5. Slow vehicles not pulling over at reasonable times.
Some vehicles just end up travelling slower than what otherwise might be safe and/or legal. Heavy vehicles, towing vehicles, old vehicles, or simply those people who prefer to drive a bit slower than the majority, please look in your mirrors and take a break for a minute when the opportunity presents itself. Let that line of traffic behind you get past. And for the line of traffic behind - when someone pulls over like this, give them a toot and a wave to say thanks for doing the right thing.
6. Using a cell phone while driving.
It's time to unplug from the matrix for a while.
7. Vehicles not stopping at pedestrian crossings.
One of the most dangerous activities I undertake each day is walking across pedestrian crossings.

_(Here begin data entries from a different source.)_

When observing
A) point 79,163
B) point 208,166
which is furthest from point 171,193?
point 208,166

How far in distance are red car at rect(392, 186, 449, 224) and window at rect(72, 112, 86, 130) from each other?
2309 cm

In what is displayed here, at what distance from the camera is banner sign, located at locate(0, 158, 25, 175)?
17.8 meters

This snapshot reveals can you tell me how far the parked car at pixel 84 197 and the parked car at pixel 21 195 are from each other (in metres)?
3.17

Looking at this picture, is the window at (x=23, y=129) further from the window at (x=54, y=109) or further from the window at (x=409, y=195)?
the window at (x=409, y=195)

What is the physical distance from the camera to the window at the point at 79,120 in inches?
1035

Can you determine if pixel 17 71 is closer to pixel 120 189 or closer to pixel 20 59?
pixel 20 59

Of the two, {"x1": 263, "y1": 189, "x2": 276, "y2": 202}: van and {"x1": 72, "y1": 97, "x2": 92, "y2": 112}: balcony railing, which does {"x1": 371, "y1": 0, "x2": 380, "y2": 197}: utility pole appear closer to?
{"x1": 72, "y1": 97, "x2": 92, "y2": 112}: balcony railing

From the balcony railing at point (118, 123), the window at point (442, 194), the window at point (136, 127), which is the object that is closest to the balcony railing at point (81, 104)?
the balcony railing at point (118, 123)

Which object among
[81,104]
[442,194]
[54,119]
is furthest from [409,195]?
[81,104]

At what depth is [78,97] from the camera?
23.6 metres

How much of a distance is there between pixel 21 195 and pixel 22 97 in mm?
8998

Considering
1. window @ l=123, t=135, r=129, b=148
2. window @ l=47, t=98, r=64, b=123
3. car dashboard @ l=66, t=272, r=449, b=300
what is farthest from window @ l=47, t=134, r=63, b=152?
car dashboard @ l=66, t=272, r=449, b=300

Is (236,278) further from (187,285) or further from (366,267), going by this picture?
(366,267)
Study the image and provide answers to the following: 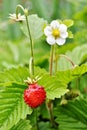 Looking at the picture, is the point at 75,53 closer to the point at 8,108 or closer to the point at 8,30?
the point at 8,108

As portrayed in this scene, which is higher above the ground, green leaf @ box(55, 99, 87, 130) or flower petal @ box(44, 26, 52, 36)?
flower petal @ box(44, 26, 52, 36)

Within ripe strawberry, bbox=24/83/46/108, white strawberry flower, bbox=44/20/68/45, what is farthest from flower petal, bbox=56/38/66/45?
ripe strawberry, bbox=24/83/46/108

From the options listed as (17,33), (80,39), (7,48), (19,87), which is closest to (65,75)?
(19,87)

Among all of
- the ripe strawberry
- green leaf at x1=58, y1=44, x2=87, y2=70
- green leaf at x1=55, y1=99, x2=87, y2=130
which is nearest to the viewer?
the ripe strawberry

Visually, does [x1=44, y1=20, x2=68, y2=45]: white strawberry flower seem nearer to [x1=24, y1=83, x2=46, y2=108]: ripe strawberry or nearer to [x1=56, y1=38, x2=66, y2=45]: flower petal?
[x1=56, y1=38, x2=66, y2=45]: flower petal

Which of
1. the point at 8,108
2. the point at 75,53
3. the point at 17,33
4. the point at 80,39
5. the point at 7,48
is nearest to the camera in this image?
the point at 8,108

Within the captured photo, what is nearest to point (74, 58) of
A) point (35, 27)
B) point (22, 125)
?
point (35, 27) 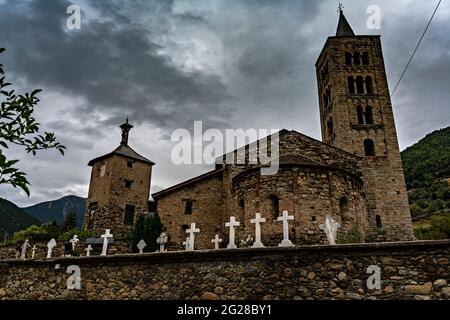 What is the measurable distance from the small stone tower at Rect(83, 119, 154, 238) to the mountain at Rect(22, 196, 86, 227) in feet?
225

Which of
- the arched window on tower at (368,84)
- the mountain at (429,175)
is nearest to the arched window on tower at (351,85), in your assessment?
→ the arched window on tower at (368,84)

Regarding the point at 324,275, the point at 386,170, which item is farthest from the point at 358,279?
the point at 386,170

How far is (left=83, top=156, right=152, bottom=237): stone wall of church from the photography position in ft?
91.8

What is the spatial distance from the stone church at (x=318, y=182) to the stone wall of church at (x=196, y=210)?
6 centimetres

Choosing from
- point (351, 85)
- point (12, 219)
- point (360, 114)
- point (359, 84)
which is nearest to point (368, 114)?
point (360, 114)

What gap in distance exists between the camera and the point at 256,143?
19875mm

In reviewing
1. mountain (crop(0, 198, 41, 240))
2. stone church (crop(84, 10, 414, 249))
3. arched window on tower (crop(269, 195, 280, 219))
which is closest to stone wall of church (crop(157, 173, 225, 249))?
stone church (crop(84, 10, 414, 249))

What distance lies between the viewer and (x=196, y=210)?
70.3ft

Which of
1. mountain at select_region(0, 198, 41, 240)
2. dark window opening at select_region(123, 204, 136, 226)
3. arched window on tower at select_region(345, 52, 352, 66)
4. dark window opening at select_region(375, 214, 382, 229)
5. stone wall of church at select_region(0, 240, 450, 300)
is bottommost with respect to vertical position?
stone wall of church at select_region(0, 240, 450, 300)

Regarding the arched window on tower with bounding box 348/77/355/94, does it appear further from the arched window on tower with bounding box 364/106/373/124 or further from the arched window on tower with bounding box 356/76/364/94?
the arched window on tower with bounding box 364/106/373/124

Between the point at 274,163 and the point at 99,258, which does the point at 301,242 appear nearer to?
the point at 274,163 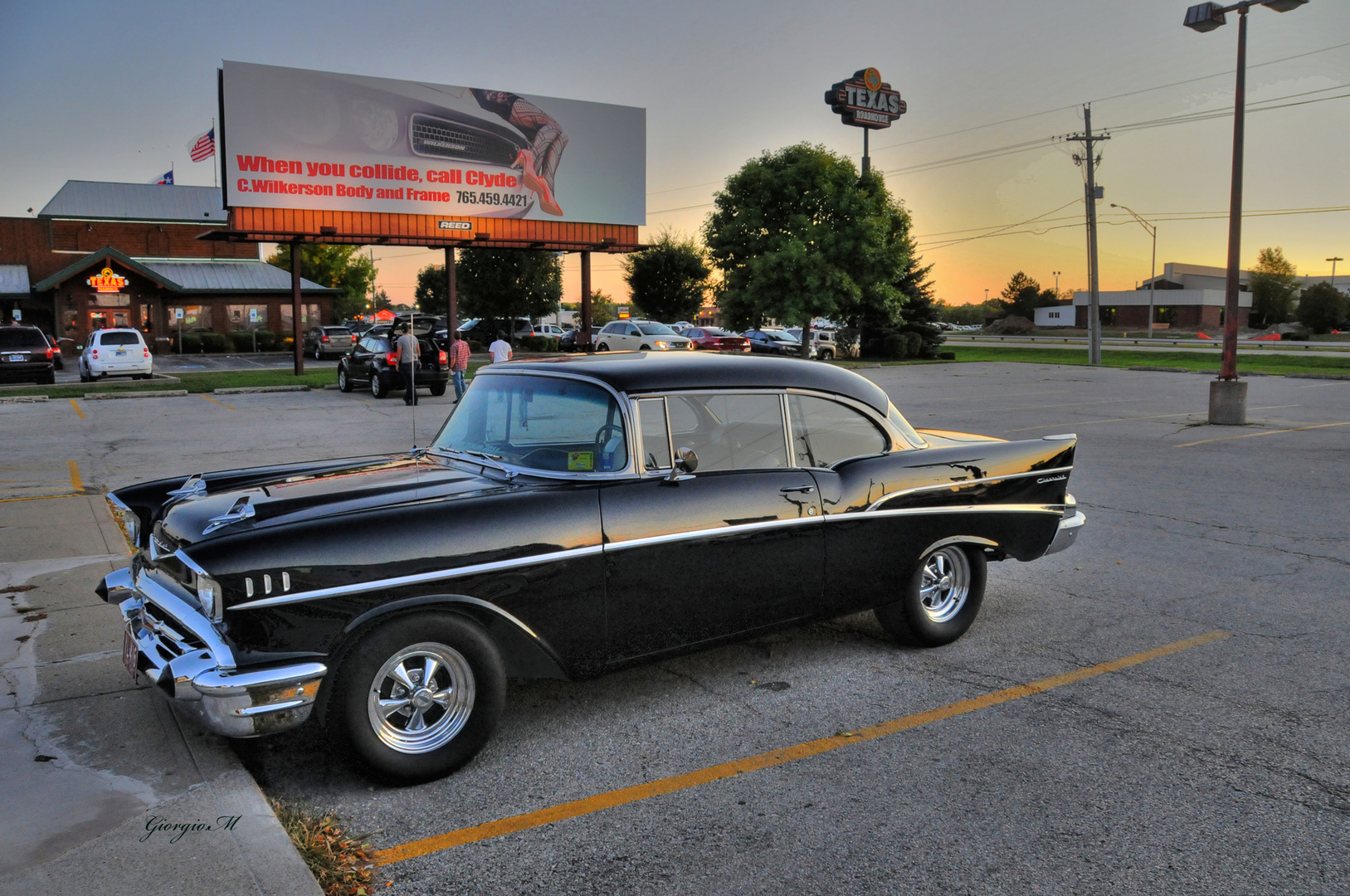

I always wait for drivers to stop and make very direct eye contact before I step out, but by the time you get to the centreline, usually it's all bets off for vehicles coming the other way.
8. Vehicles which attempt to merge into fast traffic at slow speeds.
Where I live, I see a lot of vehicles who attempt to merge in to 100km per hour traffic while doing 60 or 70 km per hour. When that goes pear shaped and the merging lane starts to run out, they end up slowing down which then compounds the problem both for themselves and any other vehicles behind them.